Sidi Wacho « Elegancia popular » (21 février 2020) chez Balle Populaire -RAP/CUMBIA-
Et de trois pour la bande de Sidi Wacho ! « Elegancia popular » a été dévoilée le 21 février dernier et, à vrai dire, on ne s’y attendait pas. Toujours en vadrouille, Saïdou a su trouver le temps pour réaliser le successeur de « Bordeliko » sorti en 2018. Alors, certes, cet « Elegancia popular » est beaucoup plus court que les deux précédents albums : avec ses 10 titres au compteur, la durée de l’opus est d’une trentaine de minutes.
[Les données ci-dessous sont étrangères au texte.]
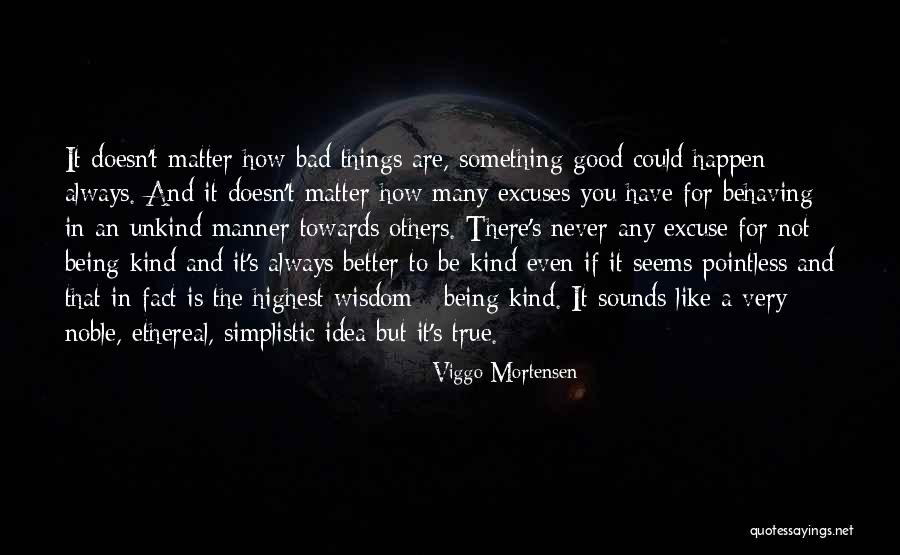 Bad Manner Quotes By Viggo Mortensen Bad Manner Quotes By Viggo Mortensen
Mais que nous réserve cette nouvelle création ? Les revendications sociales ne manquent pas depuis l’album précédent, que ce soit à l’échelle nationale ou au niveau mondial. En choisissant de ratisser large (conflits sociaux, les Gilets Jaunes, les soulèvements des opprimés, la question des migrants… et bien d’autres), Sidi Wacho a placé les textes au cœur de sa musique. Si « Bordeliko » ne manquait pas d’explosivité pour appuyer le discours, il s’avère que cet album, même excellent, était très proche musicalement du tableau proposé dans le premier opus, « Libre » (2016). Ici, force est de constater que le groupe a souhaité proposer autre chose, du moins explorer plus de sonorités au travers de ses fils rouges. Le titre d’ouverture, Elegante, reflète bien cette envie de diversifier son panel sonore avec des touches digitales au menu, qui vont un peu lisser le track. Sur Desorden internacional, un vent des Balkans souffle au-dessous de nos têtes et les influences s’entrechoquent. Ce début d’album est davantage marqué par cet envie d’ailleurs, comme sur Cumbia del Domingo, en compagnie de Macha (Chico Trujillo) qui ne fait pas dans la dentelle. Le soleil booste la révolte, un cri à l’unisson raisonne : Que de l’amour, avec un surprenant Olivier Besancenot en mode MC, se pare d’un beat hip hop tapageur avec un accordéon. Le poing est levé avec un rap éthique ! La suite se poursuit dans une spirale positive, à l’image de Ten Cuidado et de Seguimos la fiesta, cuivrés à souhait, toujours parés pour porter haut et fort les rêves perdus. Dommage que La trabajadora, qui aurait pu figurer sur les albums précédents, sonne comme un goût de déjà vu et que La calle de Panam soit très proche de Flores, pour se démarquer dans cet « Elegancia popular ». A ce détail près, Sidi Wacho continue de tracer sa route. Une route parsemée de révoltes, de choses à raconter, et surtout de musique à métisser.